Materials provided:
——————

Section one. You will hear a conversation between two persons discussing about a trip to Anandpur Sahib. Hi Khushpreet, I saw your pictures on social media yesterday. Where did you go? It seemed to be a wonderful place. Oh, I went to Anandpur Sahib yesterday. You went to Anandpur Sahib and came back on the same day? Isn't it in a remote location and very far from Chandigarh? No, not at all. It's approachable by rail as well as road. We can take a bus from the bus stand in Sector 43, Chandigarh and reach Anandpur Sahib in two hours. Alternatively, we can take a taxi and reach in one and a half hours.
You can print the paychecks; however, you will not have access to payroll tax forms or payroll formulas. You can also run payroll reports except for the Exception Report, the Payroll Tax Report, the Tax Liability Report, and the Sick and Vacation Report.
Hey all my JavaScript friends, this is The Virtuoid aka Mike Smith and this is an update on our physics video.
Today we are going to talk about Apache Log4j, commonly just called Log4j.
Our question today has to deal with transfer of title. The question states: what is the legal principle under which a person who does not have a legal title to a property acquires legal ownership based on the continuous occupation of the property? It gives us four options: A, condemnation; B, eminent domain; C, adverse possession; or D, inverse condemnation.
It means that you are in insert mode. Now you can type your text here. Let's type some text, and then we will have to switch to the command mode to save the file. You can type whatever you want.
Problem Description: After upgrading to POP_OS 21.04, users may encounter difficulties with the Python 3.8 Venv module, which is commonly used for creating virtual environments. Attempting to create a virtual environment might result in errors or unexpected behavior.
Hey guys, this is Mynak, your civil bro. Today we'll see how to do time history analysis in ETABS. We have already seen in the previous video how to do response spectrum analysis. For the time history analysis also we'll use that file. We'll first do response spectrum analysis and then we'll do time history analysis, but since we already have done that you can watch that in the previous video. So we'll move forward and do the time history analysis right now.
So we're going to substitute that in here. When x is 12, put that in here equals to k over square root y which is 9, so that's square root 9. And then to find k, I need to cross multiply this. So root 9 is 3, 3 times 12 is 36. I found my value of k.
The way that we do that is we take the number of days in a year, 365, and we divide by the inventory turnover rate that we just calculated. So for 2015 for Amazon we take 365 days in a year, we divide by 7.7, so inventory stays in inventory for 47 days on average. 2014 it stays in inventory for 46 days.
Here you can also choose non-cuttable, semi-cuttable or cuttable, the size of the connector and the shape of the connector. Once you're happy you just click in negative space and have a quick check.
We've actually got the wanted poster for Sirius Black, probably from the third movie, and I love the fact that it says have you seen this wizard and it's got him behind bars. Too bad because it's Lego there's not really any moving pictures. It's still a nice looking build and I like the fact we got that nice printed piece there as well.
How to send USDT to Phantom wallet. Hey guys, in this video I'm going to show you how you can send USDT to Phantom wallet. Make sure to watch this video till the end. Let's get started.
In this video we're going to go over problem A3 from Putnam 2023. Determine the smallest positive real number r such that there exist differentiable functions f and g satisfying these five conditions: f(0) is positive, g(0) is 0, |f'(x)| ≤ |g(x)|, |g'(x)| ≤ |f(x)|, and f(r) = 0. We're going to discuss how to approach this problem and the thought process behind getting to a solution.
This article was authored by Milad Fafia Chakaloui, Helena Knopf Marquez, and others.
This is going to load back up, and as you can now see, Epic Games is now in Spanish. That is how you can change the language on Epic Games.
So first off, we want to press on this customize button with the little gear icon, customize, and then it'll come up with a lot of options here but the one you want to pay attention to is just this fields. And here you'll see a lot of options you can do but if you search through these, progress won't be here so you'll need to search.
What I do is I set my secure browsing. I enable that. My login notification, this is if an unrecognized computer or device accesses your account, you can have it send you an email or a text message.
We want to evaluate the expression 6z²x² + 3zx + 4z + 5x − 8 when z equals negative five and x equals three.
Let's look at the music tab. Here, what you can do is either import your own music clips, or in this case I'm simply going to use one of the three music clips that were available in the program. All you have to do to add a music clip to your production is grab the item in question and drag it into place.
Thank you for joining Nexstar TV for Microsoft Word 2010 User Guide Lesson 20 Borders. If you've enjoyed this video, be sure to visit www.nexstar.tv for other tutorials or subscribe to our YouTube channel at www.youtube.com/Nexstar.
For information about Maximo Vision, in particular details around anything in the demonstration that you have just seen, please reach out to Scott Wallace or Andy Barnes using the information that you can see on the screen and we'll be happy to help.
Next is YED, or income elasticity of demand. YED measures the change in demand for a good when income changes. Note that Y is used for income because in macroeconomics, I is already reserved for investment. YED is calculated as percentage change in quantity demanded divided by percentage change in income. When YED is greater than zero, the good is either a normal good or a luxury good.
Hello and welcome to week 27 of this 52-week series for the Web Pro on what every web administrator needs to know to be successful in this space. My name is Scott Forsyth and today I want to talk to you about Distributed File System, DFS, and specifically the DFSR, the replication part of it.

——————

Task description: Pull out every line in the material above where "video" occurs.

Finished task:
Hey all my JavaScript friends, this is The Virtuoid aka Mike Smith and this is an update on our physics video.
Hey guys, this is Mynak, your civil bro. Today we'll see how to do time history analysis in ETABS. We have already seen in the previous video how to do response spectrum analysis. For the time history analysis also we'll use that file. We'll first do response spectrum analysis and then we'll do time history analysis, but since we already have done that you can watch that in the previous video. So we'll move forward and do the time history analysis right now.
How to send USDT to Phantom wallet. Hey guys, in this video I'm going to show you how you can send USDT to Phantom wallet. Make sure to watch this video till the end. Let's get started.
In this video we're going to go over problem A3 from Putnam 2023. Determine the smallest positive real number r such that there exist differentiable functions f and g satisfying these five conditions: f(0) is positive, g(0) is 0, |f'(x)| ≤ |g(x)|, |g'(x)| ≤ |f(x)|, and f(r) = 0. We're going to discuss how to approach this problem and the thought process behind getting to a solution.
Thank you for joining Nexstar TV for Microsoft Word 2010 User Guide Lesson 20 Borders. If you've enjoyed this video, be sure to visit www.nexstar.tv for other tutorials or subscribe to our YouTube channel at www.youtube.com/Nexstar.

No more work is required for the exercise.